Since 1908, more than 4,000 short and feature films have been made in Arabic speaking countries, three quarters of which are Egyptian in origin. Since 1976, Cairo has held the annual Cairo International Film Festival which has been accredited by the International Federation of Film Producers Association.

In 1987, the inaugural Mogadishu Pan-African and Arab Film Symposium (Mogpaafis) was held bringing together an array of prominent filmmakers and movie experts from across the globe, including other parts of Northeast Africa and the Arab world, as well as Asia and Europe. Held annually in Mogadishu, the capital of Somalia, the film festival was organised by the Somali Film Agency, the nation’s film regulatory body.

The FIFM is an international film festival held annually in Marrakech, Morocco. Since its inaugural year in 2000, the FIFM has been one of the biggest events devoted to Moroccan cinema. It is also the site for principal photography of many international productions. The festival’s jury draws gathers international writers, actors and personalities together and endeavours to reward the best Moroccan and foreign feature and short films. The FIFM is chaired by Prince Moulay Rachid of Morocco.

The Dubai International Film Festival (DIFF) is an international film festival based in Dubai in the United Arab Emirates. Launched in 2004, it aims to foster the growth of film making in the Arab world. The DIFF is held under the honorary Chairmanship of Ahmed bin Saeed Al Maktoum. It is a not-for-profit cultural event, presented and organised by the Dubai Technology, Electronic Commerce and Media Free Zone Authority. The DIFF presents cinematic excellence from around the world and offers a high profile platform for aspiring home-grown talent. The Muhr Award for Excellence in Arab Cinema was launched in 2006, with the aim of recognising Arab filmmakers both regionally and internationally. In 2008, the Muhr Awards for Excellence were expanded to include two separate competitions: the Arab Muhr Award, and the Asia /Africa Muhr Award. It also introduced a new program segment dedicated exclusively to Animation.

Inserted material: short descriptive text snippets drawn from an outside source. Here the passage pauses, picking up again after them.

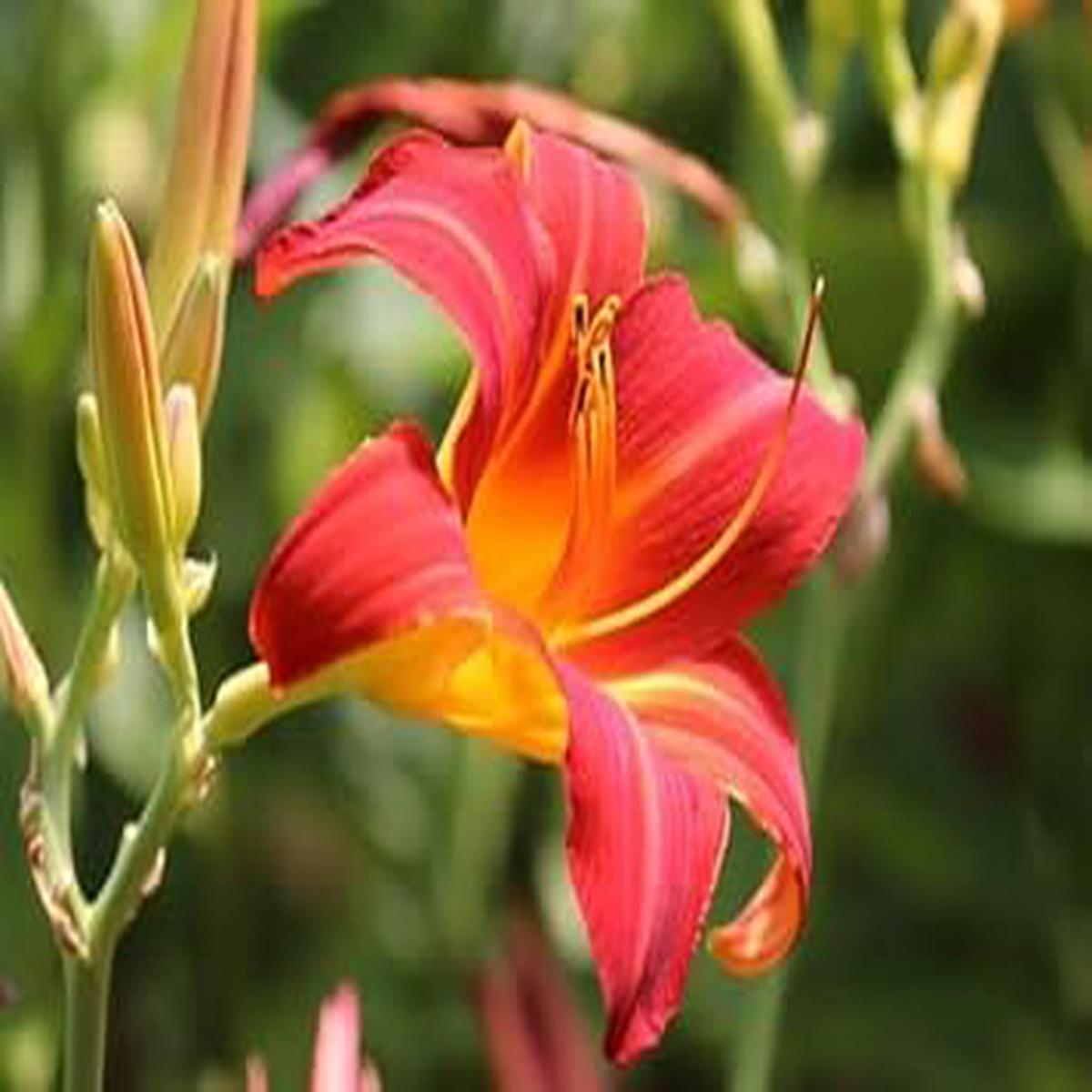 Red Lilium Flower Seeds Non-GMO Seeds for Vibrant Garden Planting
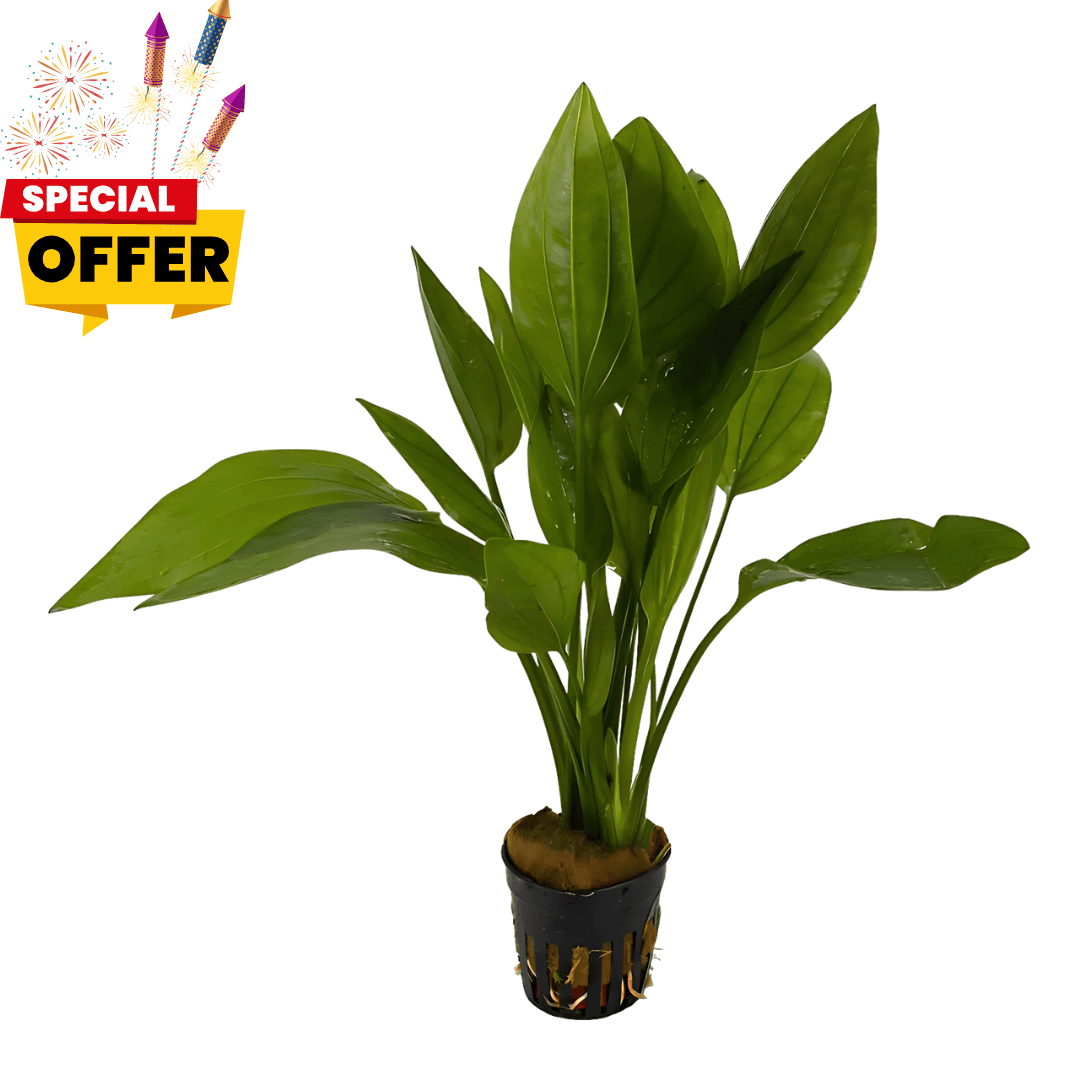 Amazon Sword | Pot Live Plant (Offer)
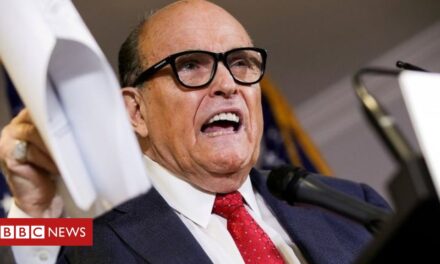 Rudy Giuliani has New York law licence suspended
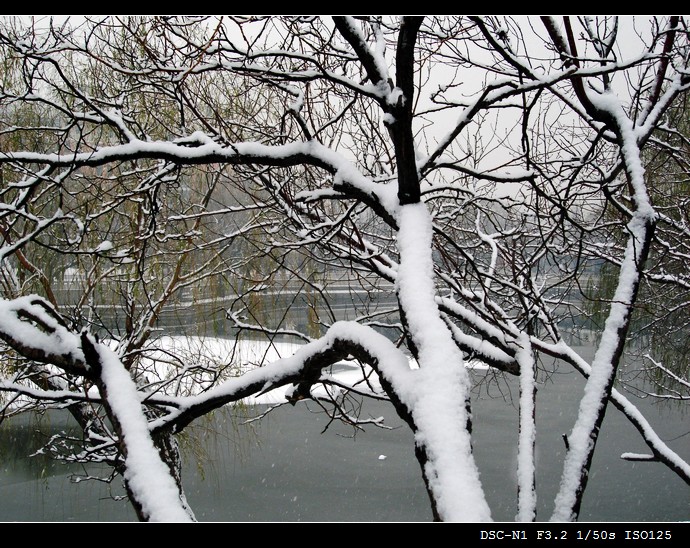 初雪 摄影 浪漫罗丹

The Abu Dhabi Film Festival (ADFF) is a key international film festival in the larger Arab region. The ADFF aims to encourage and foster the growth of film making in the Arab world by showcasing movies from the region alongside standout productions from prominent international filmmakers. The first festival debuted with 152 movies and 186 screenings shown in five Abu Dhabi venues. A total of 76 feature films and 34 short films from over 35 countries competed for the Black Pearl Awards.

The Doha Tribeca Film Festival (DTFF) is an annual five day film festival founded in 2009 to promote Arab and international films and to develop a sustainable film industry in Qatar. The Festival is one of Qatar’s largest entertainment events, attracting over 50,000 guests in 2010.